In the end, there is too much speculation about the way the world markets for clothing will evolve. It is really too complicated to understand how this will play out. It is much more important to think about the development of the domestic RMG market in Bangladesh.

There are many difficulties facing this market, most of which are well known, but once again I will review these, for it is in raising the productivity of the Bangladesh factories that success will be achieved. It will not be achieved by subsidies from the Bangladesh government, nor will it prove feasible to negotiate special deals in world trade that will provide Bangladesh with a special position.

The only thing that really matters is raising the productivity of the RMG factories, enabling them to lower their prices to the buyers and remain competitive against other companies around the world. Almost all of the factors that I will briefly note are well known, but I will take a rather ruthless view of what has been going on.
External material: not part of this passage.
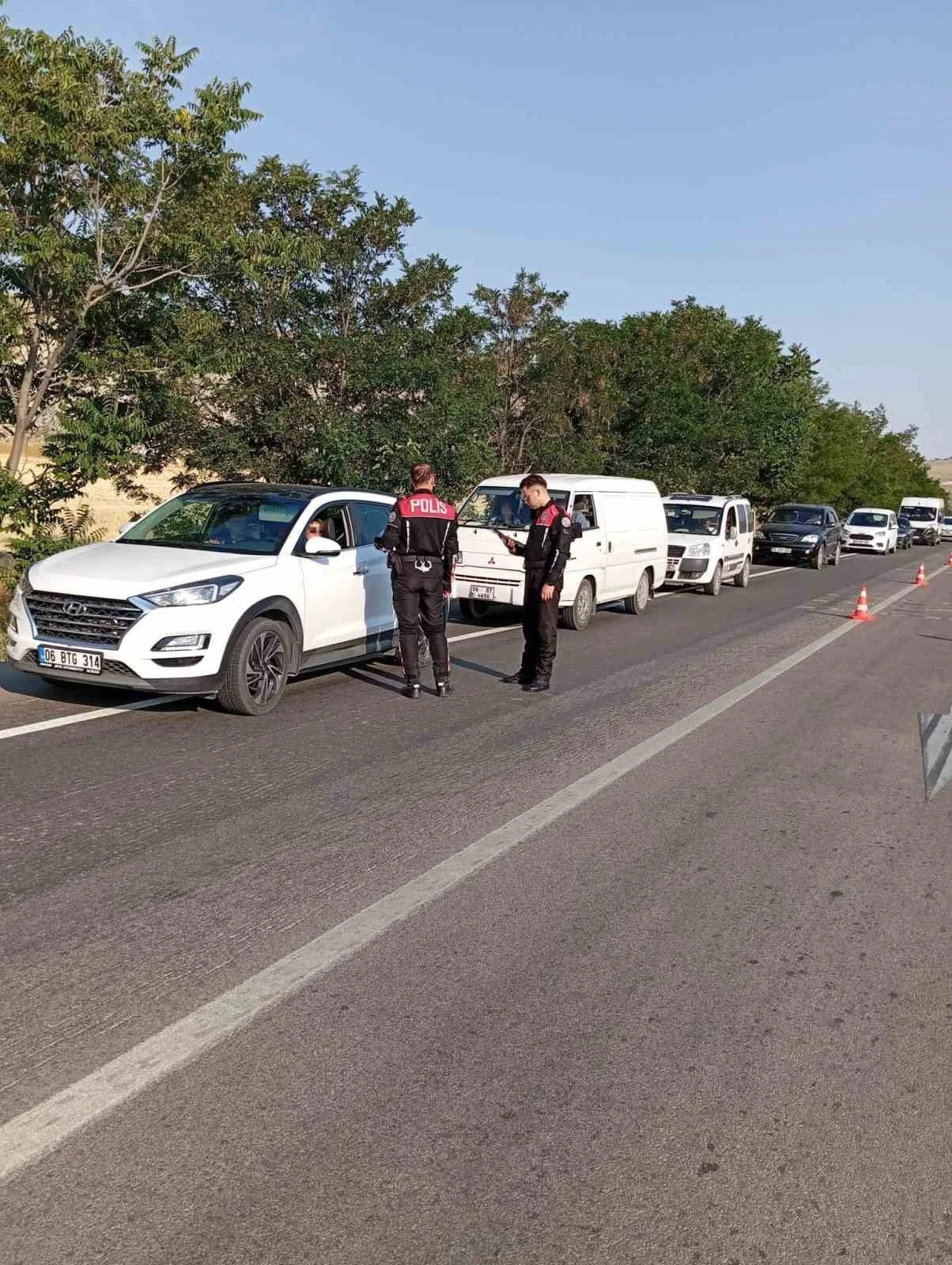 Beypazarı’nda asayiş denetimleri devam ediyor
We begin with a brief discussion of labor. There is no doubt that the industry has been built on the low wages that have been provided to the workers. Demands from the workers for better wages and demands from the ILO and the international community for living wages are growing, and the shift away from the repressive past government will result in demands for higher wages and benefits.

This will turn into a grave problem for the next government. Pressure from the international community to establish labor unions and, through the unions, a collective bargaining agent, will make the setting of wages and benefits much more complicated. In order to have an effective instrument for labor to participate in collective bargaining, there must be room for strikes.

The second aspect of the labor problem is the emergence of artificial intelligence. During the past decade, we have seen a substantial increase in automation in the sweater industry, resulting in a greatly reduced labor input into a sweater. We’ve seen much less of this reduction of labor inputs into the sewing lines.

But sewing lines linked to artificial intelligence are here, and it will solve in less than a decade the problems that the sewing line faces in automation; a decade is, in fact, a rather optimistic estimate. The implication is that factories will change to the use of artificial intelligence and new kinds of machinery and greatly reduce the labor force involved.

This is the only way to stay competitive. The use of machines driven by artificial intelligence will improve the quality of the sewing, and such garments will be preferred and earn a higher price than ones that are sewn in the traditional way.

In order to achieve this will require a major effort by the government, the universities, and the factories to develop, train, and utilize artificial intelligence programs and associated sewing machinery. Mark my words: without such steps, the RMG industry will shrink within the decade.

Next, we turn to the question of financing the industry. Today, the garment and textile industries have been financed by bank loans. These factories have remarkably little equity. They may start off with some equity, but as they increase their borrowing from the banks and do not increase their equity—which they take off as profits for the owners—the debt-equity ratio rises and rises. Now it is frighteningly high.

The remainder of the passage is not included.